Разговор на вечеринке крутился возле событий местного ресторанного шоу-бизнеса. Недавно Раискина подруга, которая, на взгляд всех присутствующих, проигрывала по всем параметрам (а как могло быть иначе?) хозяйке дома, стала знаменитостью, сев в кабриолет и уехав на нем не куда-нибудь, а в столицу бывшей родины. Ее лицо в журналах и на экране телевизора бесило Раису, и она предрекала выскочке провал, нищету и, как следствие, скорое возвращение ни с чем. Самой же Раисе уже давно надоело петь в ресторанах, но делала она это действительно хорошо. А ведь, если бы ни третий муж – вокалист, она бы так и не открыла в себе этот талант. Сейчас она подумывала: а не попробовать ли стать агентом по недвижимости?
Окинув гостей хозяйским взглядом, она заметила, что Пашка с семьей чувствуют себя неуютно. Они жмутся в уголке и, похоже, собираются уходить. Раиса сразу прощелкала ситуацию. Обычное дело – дочке скучно, и она тянет их домой. Сейчас развеселим. Она прошлась по комнатам в поисках Илонки, которая умудрялась растворяться в толпе, и, отловив ее на балконе с бокалом вина в окружении взрослых дядек, потащила в гостиную. Илонка упиралась, не понимая, чего это вдруг она должна кого-то развлекать, быть вежливой и приветливой. Она не хотела знакомиться с этим толстым чучелом, которое не отходит ни на шаг от родителей, и твердила, что, даже если они познакомятся, ничего хорошего из этого не выйдет.

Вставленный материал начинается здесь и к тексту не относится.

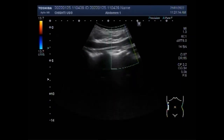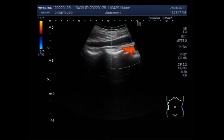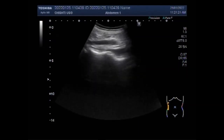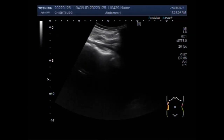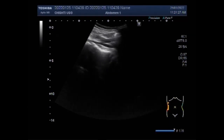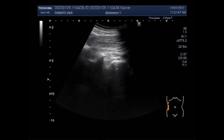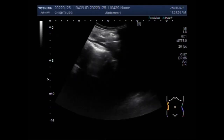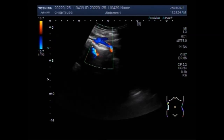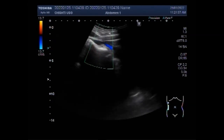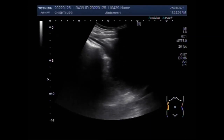Now you can see the tracing of the ureter. Here, as the ureter is crossing the iliac vessels, you can differentiate the ureter from the iliac vessels using Doppler flow. This is the right ureter and these are the iliac vessels. You can see the blood flow in the iliac vessels but not in the ureter.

– Хочешь, подарю тебе это? – и Раиса сняла с руки широкий кованый браслет.
Хлебниковы уже стояли в дверях, когда Раиса, таща за собой одетую во все черное девочку, преградила им дорогу.
– Стоп, граждане, никто никуда не уходит. Илона хочет познакомиться с Ханной и показать ей фотографии нашего путешествия на Кэйп-Кот. Правда, Илона?

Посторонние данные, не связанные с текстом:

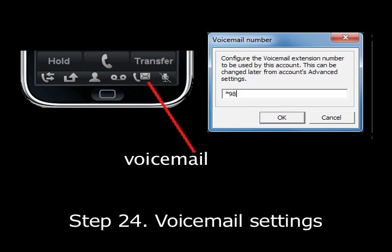Step 24. The voicemail button will connect to the server to allow you to retrieve any voice messages you may have. The icon will be highlighted if you have messages waiting. The first time you press the button, the voicemail number dialog box will open. In this box, enter 98, which is the code used to access your voicemail from any network number.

– Разумеется, буду счастлива.
Она взяла Ханну за руку и потянула за собой. Ханна испуганно улыбнулась, не в силах оторвать взгляда от странной девочки, чьи черные губы растянулись в широкой улыбке, а отливающие зеленью волосы свесились на глаза. Муся что-то промямлила, что они, собственно, должны уйти, ведь у Ханны много уроков, но Паша остановил.

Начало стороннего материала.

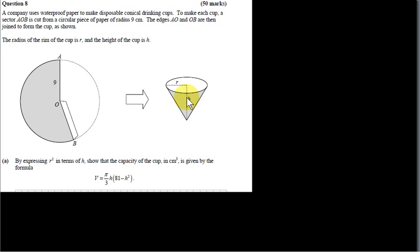A company uses waterproof paper to make disposable conical drinking cups. To make each cup, a sector AOB is cut from a circular piece of paper of radius 9 cm. The edges AO and OB are then joined to form the cup as shown.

– Пусть отдохнет, поговорит, наконец, с кем-то своего возраста. Сколько можно одной сидеть!
Муся и Паша пошли к гостям, поблагодарив Раису, которая тут же принялась читать им лекцию, что канадские подростки отличаются от всех остальных своей доброжелательностью, а экстравагантность внешнего вида – это дань моде. Илонку, правда, трудно назвать стопроцентным канадским подростком – она в стране всего шесть лет, но уже многому научилась.
Когда они ехали домой, Ханку было не узнать – она подпрыгивала на заднем сиденье автомобиля и без умолку рассказывала об Илоне, о ее друзьях и школе. Ей хотелось перевестись туда и учиться в одном классе с этой девочкой.
– А что, неплохая идея, – ответил Паша.
Муся поджала губы и возмутилась, что значит – в другую школу? Эта за углом, а туда ездить придется.
– И пусть ездит. Школа же в нашем районе. Зато у нее там будет подруга, Ханка не будет чувствовать себя изгоем.
Ханна завизжала от радости и обхватила отца за шею, отчего он чуть не выронил руль.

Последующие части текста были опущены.